Weissler did say that the premature closing almost lost Charity its theater. The deal to transfer Twelve Angry Men to the Al Hirschfeld was almost set to close that day, until Weissler called Jujamcyn head Rocco Landesman to steal it back. “I had a battle on my hands, but thank goodness we prevailed. See, that’s an example of why you would never do this as a marketing ploy.”

“I don’t look at her as a standby. We share. I mean, not really share—I’m not gonna be there Tuesday and she’ll be there Wednesday, it’s not like that.”

By opening his show on the Tony deadline, Weissler is hoping the buzz of nominations will sustain momentum. With the refunds stanched, the advance is inching up well over $2 million, he says. Not awful, but not good. (Other sources estimate $1.5 million—closer to awful.) He’s predicting at least a $50,000-a-day increase once performances start.

“No one’s going to feel heartbroken,” Weissler said, smiling. “Charlotte’s job is to be a standby. Nobody said, ‘Hey, this is gonna be your big break, kid.’”

Well, actually, they did. Still, that’s showbiz. As Charlotte d’Amboise prepares for her first preview in her temporary dressing room—Applegate will move in when D’Amboise vacates—she’s far more composed than she was that nerve-racking evening in Boston. That is, until I suggest that she might be less than disappointed. “Who said I wasn’t disappointed?” she snaps, her face tightening. “It’s very disappointing that that’s the way the theater is, that you have to have a big name. It’s a safe choice that producers make. And sure, it sucks, but that’s reality. I don’t want to be a bitter person. So as much as I put my heart and soul into this, it’s not my heart and soul. I’ve gone way past that.”

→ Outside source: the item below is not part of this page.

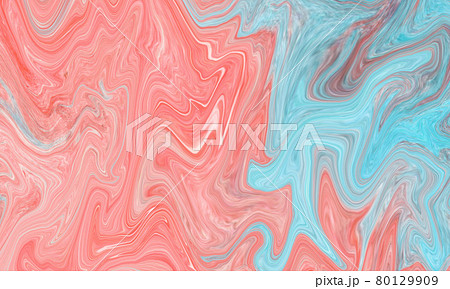 水色とピンクのマーブル、リキッドテクスチャ 80129909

Maybe she didn’t get enough time to make the role her own? “It doesn’t have anything to do with me growing into the role,” she counters. “Even if I were fucking brilliant and I had been doing it for a year, I don’t think anything would have changed.” Though D’Amboise is contracted to replace Applegate, an escape clause gives the production free reign to take on another big-name star, leaving her “skeptical. Always skeptical.” Of course, first the show has to have an actual run—not to mention an opening night, for which there is no guarantee. That first night of previews (a decently tight performance; D’Amboise even did a cartwheel), Applegate’s silhouette was on the Playbill. By May, it’ll be her spotlit face. Back in rehearsals, Bobbie and Cilento were doing their best to come up with one routine that suited both performers. Applegate was knocking a lot of wood these days; she was eager to try out her first steps, but she knew this was one aspect of the production she couldn’t control.

After Applegate and D’Amboise left the rehearsal room, a frustrated Walter Bobbie dropped the institutional voice for a moment, providing his own concise backstory. “This is a stupid story,” he said. “It never stops. But we keep making lemonade! We’re opening the biggest fucking lemonade stand you ever saw!”